In addition to everything else on my plate, I’ve been in stealth mode for the past few months with a concept called Innovation Island.

Universities patent technologies all the time arising from their research activities. Technology Transfer Offices help to spin out campus companies based on these technologies and/or license the technology out to third parties.

Inevitably, more patents come in to the system than can be spun or licensed out the other end. Many of the patents that miss the cut in their first year never make it at all because newer patents come along and continue to displace them. There’s nothing ‘wrong’ with the patents that don’t make it but there could be factors that make them more difficult to commercialise such as: an unwillingness of the inventor to become an entrepreneur in a campus company; or a lack of understanding of the applicable markets on behalf of the University. So these patents moulder in drawers until they expire and all the public money used to carry out the research and register the patent goes to waste (I’m simplifying here).

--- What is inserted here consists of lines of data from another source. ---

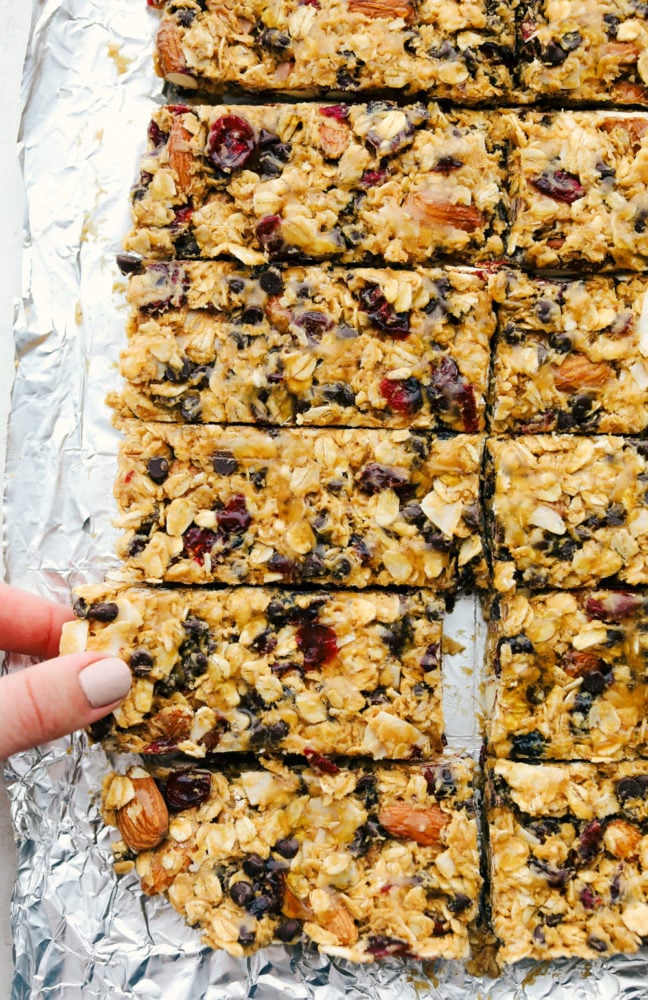 Easy to make chewy granola bars that are homemade filled with regular oats, dried cranberries, salty almonds, mini dark chocolate chips all combined with a sweet honey and a peanut butter flavoring. Snack time just got easier with these tasty bars!ย Granola bars cut up into long slices.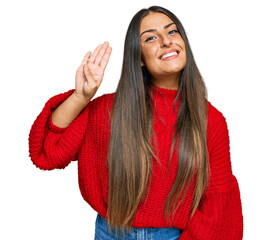 Beautiful hispanic woman wearing casual clothes waiving saying hello happy and smiling, friendly welcome gesture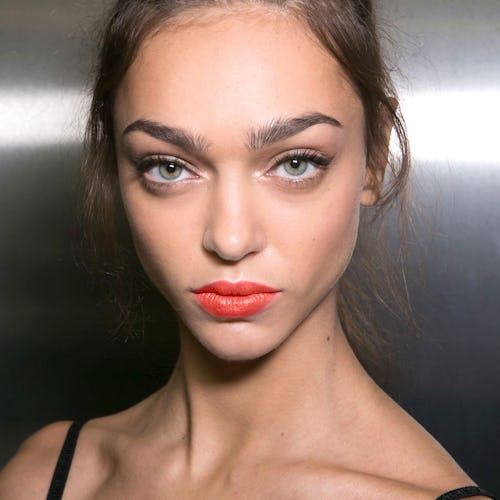 A model with her hair in a high bun wearing a coral lipstick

Innovation Island aims to stop this waste of public funds and to create jobs and generate economic activity by getting these technologies licensed out.

We are currently in private alpha but intend shortly to announce our first wave of patents available to license from an Irish University and hope to sign up others shortly.

We will have assessed the Commercialisation potential of the patented technologies on offer and ensured that they are ready to be licenced out.

We will then match the technologies to suitably qualified individuals or companies and will give them an exclusive, non-commercial Exploratory licence for a nominal sum so that they can determine how best to commercialise the patented technology.

The patent owner will provide information and support during the Exploratory licence and Innovation Island will provide access to other services and service providers including funding, mentoring, non-executives, consultants, lawyers and accountants.

At the end of the Exploratory licence period, a Commercial Licence can be negotiated with the patent owner.